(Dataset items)
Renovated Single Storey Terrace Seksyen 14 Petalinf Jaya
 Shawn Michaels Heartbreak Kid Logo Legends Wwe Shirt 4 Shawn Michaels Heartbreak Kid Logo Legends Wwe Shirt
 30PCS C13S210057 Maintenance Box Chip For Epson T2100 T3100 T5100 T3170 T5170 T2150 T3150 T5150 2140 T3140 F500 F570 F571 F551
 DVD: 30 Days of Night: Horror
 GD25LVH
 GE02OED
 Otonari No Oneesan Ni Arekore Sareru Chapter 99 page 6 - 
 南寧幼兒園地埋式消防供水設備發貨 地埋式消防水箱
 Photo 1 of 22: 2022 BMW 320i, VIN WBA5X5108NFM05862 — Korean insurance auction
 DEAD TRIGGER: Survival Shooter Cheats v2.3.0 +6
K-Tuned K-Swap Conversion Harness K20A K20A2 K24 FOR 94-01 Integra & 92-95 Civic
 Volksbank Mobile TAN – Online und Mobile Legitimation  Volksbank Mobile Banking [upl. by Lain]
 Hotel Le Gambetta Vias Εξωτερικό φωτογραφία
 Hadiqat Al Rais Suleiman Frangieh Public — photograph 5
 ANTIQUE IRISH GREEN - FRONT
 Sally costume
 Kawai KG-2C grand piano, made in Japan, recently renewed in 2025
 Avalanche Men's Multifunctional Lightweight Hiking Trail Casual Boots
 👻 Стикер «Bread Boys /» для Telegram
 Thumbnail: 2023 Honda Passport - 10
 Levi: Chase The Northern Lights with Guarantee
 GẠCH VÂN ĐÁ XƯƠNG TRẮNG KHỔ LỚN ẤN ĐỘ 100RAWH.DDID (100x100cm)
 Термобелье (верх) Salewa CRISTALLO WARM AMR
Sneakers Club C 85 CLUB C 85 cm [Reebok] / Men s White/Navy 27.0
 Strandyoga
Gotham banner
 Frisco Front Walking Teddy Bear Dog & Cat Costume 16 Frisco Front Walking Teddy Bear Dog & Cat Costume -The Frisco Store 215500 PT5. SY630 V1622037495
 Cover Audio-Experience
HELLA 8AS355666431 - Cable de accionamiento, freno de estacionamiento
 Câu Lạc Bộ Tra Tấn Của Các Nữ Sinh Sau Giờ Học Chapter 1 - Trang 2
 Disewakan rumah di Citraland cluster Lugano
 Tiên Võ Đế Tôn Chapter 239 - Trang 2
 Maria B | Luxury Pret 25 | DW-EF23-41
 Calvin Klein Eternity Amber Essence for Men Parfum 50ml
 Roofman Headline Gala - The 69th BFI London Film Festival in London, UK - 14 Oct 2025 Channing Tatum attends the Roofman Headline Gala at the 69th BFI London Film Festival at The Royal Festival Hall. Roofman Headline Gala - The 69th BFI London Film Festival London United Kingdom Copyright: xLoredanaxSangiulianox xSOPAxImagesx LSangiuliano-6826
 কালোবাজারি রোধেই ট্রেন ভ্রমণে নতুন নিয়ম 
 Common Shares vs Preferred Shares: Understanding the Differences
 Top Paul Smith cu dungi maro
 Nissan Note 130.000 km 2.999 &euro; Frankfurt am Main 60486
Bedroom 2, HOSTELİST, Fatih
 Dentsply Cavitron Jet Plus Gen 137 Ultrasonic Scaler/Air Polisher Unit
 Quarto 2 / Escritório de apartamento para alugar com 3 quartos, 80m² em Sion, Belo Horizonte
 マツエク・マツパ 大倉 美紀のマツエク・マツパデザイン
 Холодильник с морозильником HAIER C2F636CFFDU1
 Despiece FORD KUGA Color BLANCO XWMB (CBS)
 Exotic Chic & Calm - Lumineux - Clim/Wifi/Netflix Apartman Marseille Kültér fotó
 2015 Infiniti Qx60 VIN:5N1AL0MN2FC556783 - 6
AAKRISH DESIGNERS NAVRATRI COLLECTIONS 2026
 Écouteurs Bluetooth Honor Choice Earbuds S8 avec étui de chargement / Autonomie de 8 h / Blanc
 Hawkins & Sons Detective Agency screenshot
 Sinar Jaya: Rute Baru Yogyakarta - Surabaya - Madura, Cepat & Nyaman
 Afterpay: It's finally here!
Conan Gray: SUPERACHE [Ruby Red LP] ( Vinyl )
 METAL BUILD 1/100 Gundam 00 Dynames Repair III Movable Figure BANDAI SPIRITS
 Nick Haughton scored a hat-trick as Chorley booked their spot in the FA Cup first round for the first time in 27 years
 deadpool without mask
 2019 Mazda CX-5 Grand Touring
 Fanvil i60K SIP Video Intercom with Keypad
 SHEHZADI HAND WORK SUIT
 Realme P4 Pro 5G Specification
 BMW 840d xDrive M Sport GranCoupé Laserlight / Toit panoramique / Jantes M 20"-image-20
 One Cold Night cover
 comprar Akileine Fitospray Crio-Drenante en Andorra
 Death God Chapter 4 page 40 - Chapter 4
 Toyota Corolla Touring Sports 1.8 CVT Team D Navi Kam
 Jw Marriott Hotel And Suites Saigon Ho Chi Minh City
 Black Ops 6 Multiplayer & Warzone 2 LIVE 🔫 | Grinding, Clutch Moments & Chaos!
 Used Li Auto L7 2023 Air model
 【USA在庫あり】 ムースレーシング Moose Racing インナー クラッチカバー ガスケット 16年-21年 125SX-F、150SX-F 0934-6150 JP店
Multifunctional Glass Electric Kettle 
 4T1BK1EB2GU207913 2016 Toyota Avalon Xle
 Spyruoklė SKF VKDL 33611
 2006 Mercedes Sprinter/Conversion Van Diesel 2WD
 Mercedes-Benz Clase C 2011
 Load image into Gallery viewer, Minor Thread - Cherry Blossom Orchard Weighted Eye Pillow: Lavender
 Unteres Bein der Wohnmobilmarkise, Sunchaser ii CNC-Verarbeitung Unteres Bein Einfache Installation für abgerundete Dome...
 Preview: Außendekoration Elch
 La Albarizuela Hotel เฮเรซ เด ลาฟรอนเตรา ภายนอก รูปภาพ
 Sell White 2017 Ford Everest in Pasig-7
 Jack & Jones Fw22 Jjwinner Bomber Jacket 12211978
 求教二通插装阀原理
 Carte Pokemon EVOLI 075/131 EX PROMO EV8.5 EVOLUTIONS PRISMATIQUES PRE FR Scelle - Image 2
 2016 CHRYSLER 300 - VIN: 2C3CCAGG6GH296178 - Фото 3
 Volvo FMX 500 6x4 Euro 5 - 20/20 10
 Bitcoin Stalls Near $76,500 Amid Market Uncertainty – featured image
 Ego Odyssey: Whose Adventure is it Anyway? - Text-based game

### Exercise instructions:
Write the entries above out again. Match them exactly.

### Output of the task:
Renovated Single Storey Terrace Seksyen 14 Petalinf Jaya
 Shawn Michaels Heartbreak Kid Logo Legends Wwe Shirt 4 Shawn Michaels Heartbreak Kid Logo Legends Wwe Shirt
 30PCS C13S210057 Maintenance Box Chip For Epson T2100 T3100 T5100 T3170 T5170 T2150 T3150 T5150 2140 T3140 F500 F570 F571 F551
 DVD: 30 Days of Night: Horror
 GD25LVH
 GE02OED
 Otonari No Oneesan Ni Arekore Sareru Chapter 99 page 6 - 
 南寧幼兒園地埋式消防供水設備發貨 地埋式消防水箱
 Photo 1 of 22: 2022 BMW 320i, VIN WBA5X5108NFM05862 — Korean insurance auction
 DEAD TRIGGER: Survival Shooter Cheats v2.3.0 +6
K-Tuned K-Swap Conversion Harness K20A K20A2 K24 FOR 94-01 Integra & 92-95 Civic
 Volksbank Mobile TAN – Online und Mobile Legitimation  Volksbank Mobile Banking [upl. by Lain]
 Hotel Le Gambetta Vias Εξωτερικό φωτογραφία
 Hadiqat Al Rais Suleiman Frangieh Public — photograph 5
 ANTIQUE IRISH GREEN - FRONT
 Sally costume
 Kawai KG-2C grand piano, made in Japan, recently renewed in 2025
 Avalanche Men's Multifunctional Lightweight Hiking Trail Casual Boots
 👻 Стикер «Bread Boys /» для Telegram
 Thumbnail: 2023 Honda Passport - 10
 Levi: Chase The Northern Lights with Guarantee
 GẠCH VÂN ĐÁ XƯƠNG TRẮNG KHỔ LỚN ẤN ĐỘ 100RAWH.DDID (100x100cm)
 Термобелье (верх) Salewa CRISTALLO WARM AMR
Sneakers Club C 85 CLUB C 85 cm [Reebok] / Men s White/Navy 27.0
 Strandyoga
Gotham banner
 Frisco Front Walking Teddy Bear Dog & Cat Costume 16 Frisco Front Walking Teddy Bear Dog & Cat Costume -The Frisco Store 215500 PT5. SY630 V1622037495
 Cover Audio-Experience
HELLA 8AS355666431 - Cable de accionamiento, freno de estacionamiento
 Câu Lạc Bộ Tra Tấn Của Các Nữ Sinh Sau Giờ Học Chapter 1 - Trang 2
 Disewakan rumah di Citraland cluster Lugano
 Tiên Võ Đế Tôn Chapter 239 - Trang 2
 Maria B | Luxury Pret 25 | DW-EF23-41
 Calvin Klein Eternity Amber Essence for Men Parfum 50ml
 Roofman Headline Gala - The 69th BFI London Film Festival in London, UK - 14 Oct 2025 Channing Tatum attends the Roofman Headline Gala at the 69th BFI London Film Festival at The Royal Festival Hall. Roofman Headline Gala - The 69th BFI London Film Festival London United Kingdom Copyright: xLoredanaxSangiulianox xSOPAxImagesx LSangiuliano-6826
 কালোবাজারি রোধেই ট্রেন ভ্রমণে নতুন নিয়ম 
 Common Shares vs Preferred Shares: Understanding the Differences
 Top Paul Smith cu dungi maro
 Nissan Note 130.000 km 2.999 &euro; Frankfurt am Main 60486
Bedroom 2, HOSTELİST, Fatih
 Dentsply Cavitron Jet Plus Gen 137 Ultrasonic Scaler/Air Polisher Unit
 Quarto 2 / Escritório de apartamento para alugar com 3 quartos, 80m² em Sion, Belo Horizonte
 マツエク・マツパ 大倉 美紀のマツエク・マツパデザイン
 Холодильник с морозильником HAIER C2F636CFFDU1
 Despiece FORD KUGA Color BLANCO XWMB (CBS)
 Exotic Chic & Calm - Lumineux - Clim/Wifi/Netflix Apartman Marseille Kültér fotó
 2015 Infiniti Qx60 VIN:5N1AL0MN2FC556783 - 6
AAKRISH DESIGNERS NAVRATRI COLLECTIONS 2026
 Écouteurs Bluetooth Honor Choice Earbuds S8 avec étui de chargement / Autonomie de 8 h / Blanc
 Hawkins & Sons Detective Agency screenshot
 Sinar Jaya: Rute Baru Yogyakarta - Surabaya - Madura, Cepat & Nyaman
 Afterpay: It's finally here!
Conan Gray: SUPERACHE [Ruby Red LP] ( Vinyl )
 METAL BUILD 1/100 Gundam 00 Dynames Repair III Movable Figure BANDAI SPIRITS
 Nick Haughton scored a hat-trick as Chorley booked their spot in the FA Cup first round for the first time in 27 years
 deadpool without mask
 2019 Mazda CX-5 Grand Touring
 Fanvil i60K SIP Video Intercom with Keypad
 SHEHZADI HAND WORK SUIT
 Realme P4 Pro 5G Specification
 BMW 840d xDrive M Sport GranCoupé Laserlight / Toit panoramique / Jantes M 20"-image-20
 One Cold Night cover
 comprar Akileine Fitospray Crio-Drenante en Andorra
 Death God Chapter 4 page 40 - Chapter 4
 Toyota Corolla Touring Sports 1.8 CVT Team D Navi Kam
 Jw Marriott Hotel And Suites Saigon Ho Chi Minh City
 Black Ops 6 Multiplayer & Warzone 2 LIVE 🔫 | Grinding, Clutch Moments & Chaos!
 Used Li Auto L7 2023 Air model
 【USA在庫あり】 ムースレーシング Moose Racing インナー クラッチカバー ガスケット 16年-21年 125SX-F、150SX-F 0934-6150 JP店
Multifunctional Glass Electric Kettle 
 4T1BK1EB2GU207913 2016 Toyota Avalon Xle
 Spyruoklė SKF VKDL 33611
 2006 Mercedes Sprinter/Conversion Van Diesel 2WD
 Mercedes-Benz Clase C 2011
 Load image into Gallery viewer, Minor Thread - Cherry Blossom Orchard Weighted Eye Pillow: Lavender
 Unteres Bein der Wohnmobilmarkise, Sunchaser ii CNC-Verarbeitung Unteres Bein Einfache Installation für abgerundete Dome...
 Preview: Außendekoration Elch
 La Albarizuela Hotel เฮเรซ เด ลาฟรอนเตรา ภายนอก รูปภาพ
 Sell White 2017 Ford Everest in Pasig-7
 Jack & Jones Fw22 Jjwinner Bomber Jacket 12211978
 求教二通插装阀原理
 Carte Pokemon EVOLI 075/131 EX PROMO EV8.5 EVOLUTIONS PRISMATIQUES PRE FR Scelle - Image 2
 2016 CHRYSLER 300 - VIN: 2C3CCAGG6GH296178 - Фото 3
 Volvo FMX 500 6x4 Euro 5 - 20/20 10
 Bitcoin Stalls Near $76,500 Amid Market Uncertainty – featured image
 Ego Odyssey: Whose Adventure is it Anyway? - Text-based game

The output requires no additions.